- _WORK REQUIRED_
Only the lines from the beginning of the entries through the one that holds "Organic food signage" may appear in the answer, written out exactly and free of pictures.

───── RECORD EXTRACTS

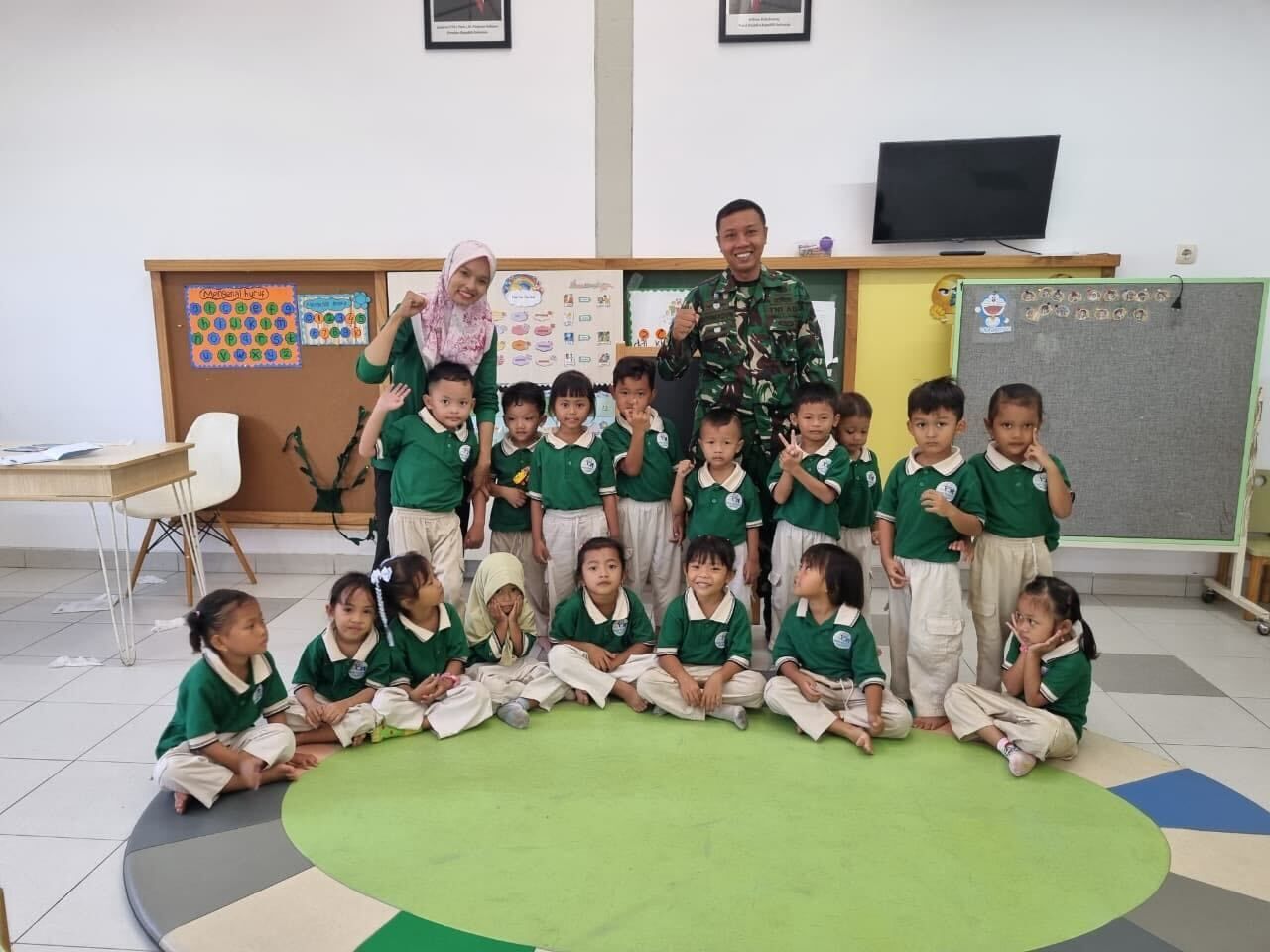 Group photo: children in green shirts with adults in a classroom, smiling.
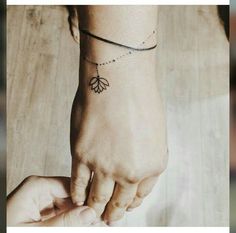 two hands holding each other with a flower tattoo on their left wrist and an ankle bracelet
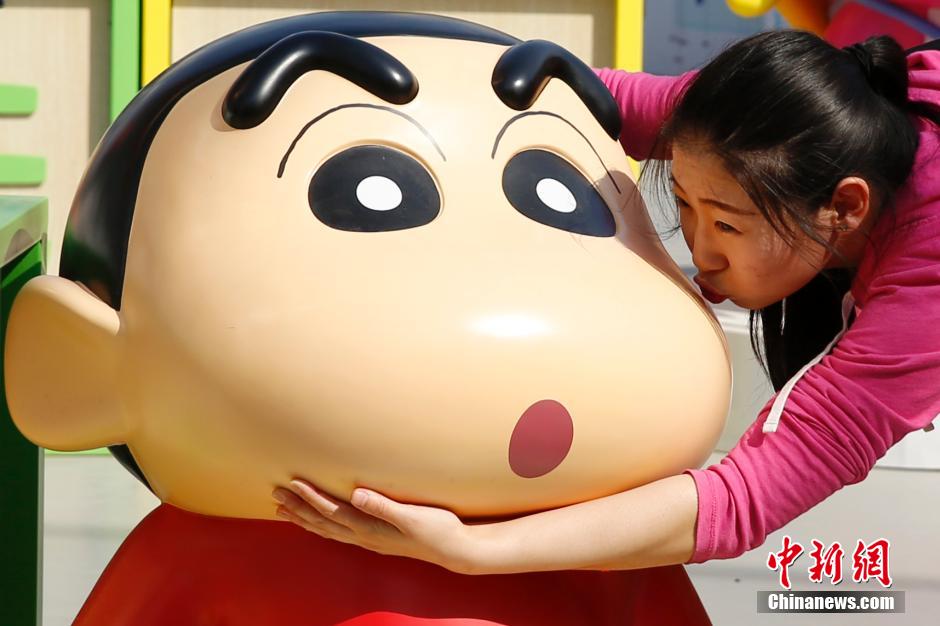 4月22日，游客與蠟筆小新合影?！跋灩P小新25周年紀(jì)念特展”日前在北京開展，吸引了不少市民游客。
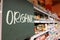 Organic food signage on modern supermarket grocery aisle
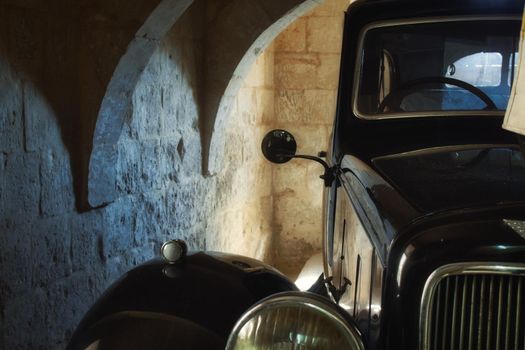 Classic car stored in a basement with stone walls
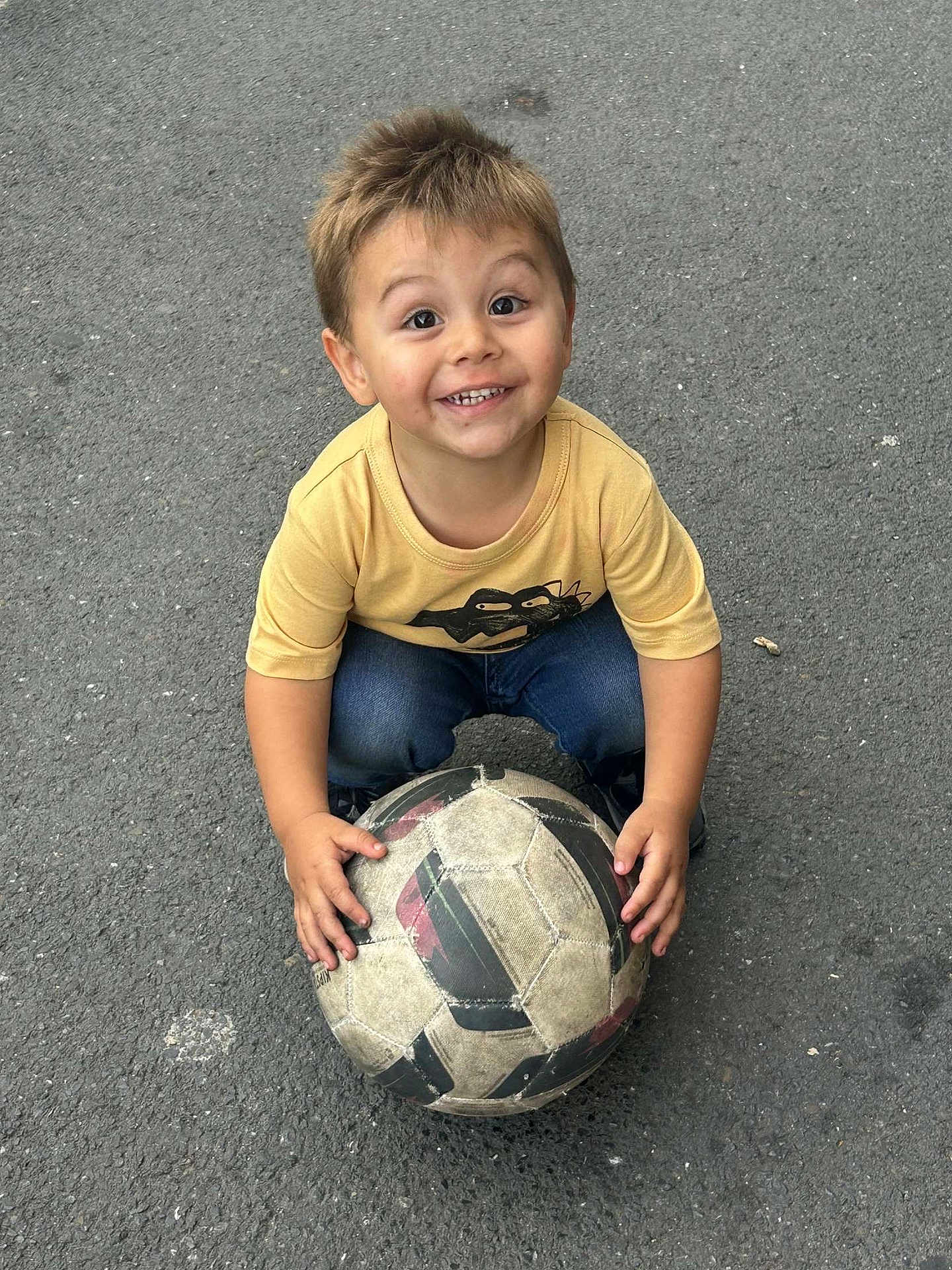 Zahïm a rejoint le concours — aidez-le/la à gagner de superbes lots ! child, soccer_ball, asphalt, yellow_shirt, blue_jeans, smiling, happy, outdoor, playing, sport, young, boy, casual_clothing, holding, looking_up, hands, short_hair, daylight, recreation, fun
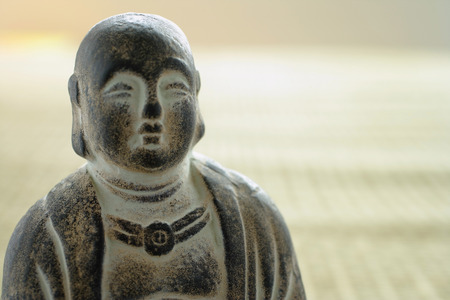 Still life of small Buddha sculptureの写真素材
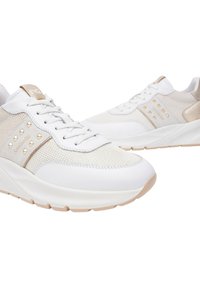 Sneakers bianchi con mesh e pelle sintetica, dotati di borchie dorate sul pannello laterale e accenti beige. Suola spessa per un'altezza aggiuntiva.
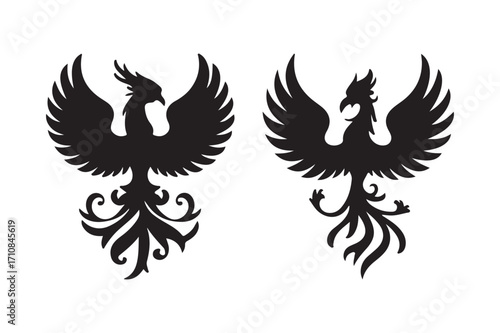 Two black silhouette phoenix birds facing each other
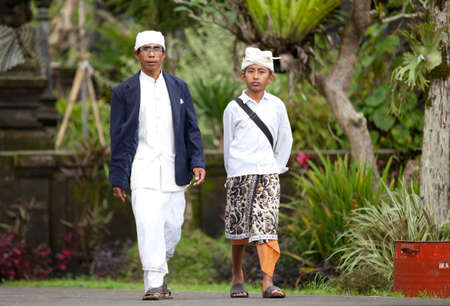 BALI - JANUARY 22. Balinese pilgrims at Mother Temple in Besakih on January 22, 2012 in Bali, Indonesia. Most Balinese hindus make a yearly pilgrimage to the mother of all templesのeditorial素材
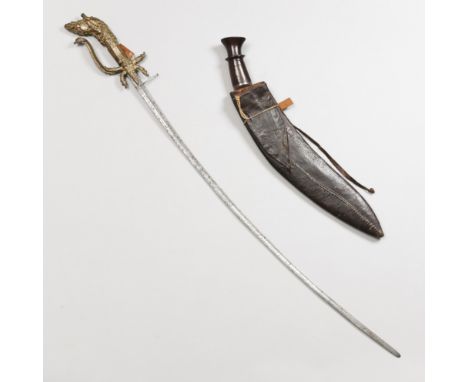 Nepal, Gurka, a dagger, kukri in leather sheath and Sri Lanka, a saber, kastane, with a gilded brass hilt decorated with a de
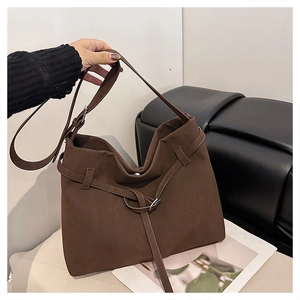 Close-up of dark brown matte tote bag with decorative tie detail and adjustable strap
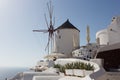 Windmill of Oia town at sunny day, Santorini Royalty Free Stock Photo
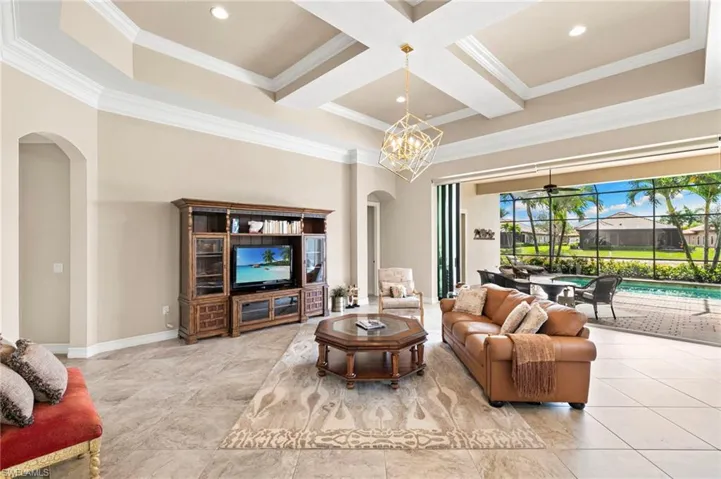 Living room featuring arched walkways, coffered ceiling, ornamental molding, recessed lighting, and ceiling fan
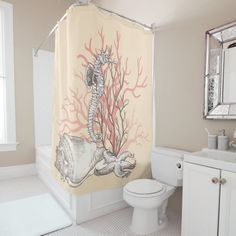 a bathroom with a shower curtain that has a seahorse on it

──────────

- _RESPONSE BOX_
 Group photo: children in green shirts with adults in a classroom, smiling.
 two hands holding each other with a flower tattoo on their left wrist and an ankle bracelet
 4月22日，游客與蠟筆小新合影?！跋灩P小新25周年紀(jì)念特展”日前在北京開展，吸引了不少市民游客。
 Organic food signage on modern supermarket grocery aisle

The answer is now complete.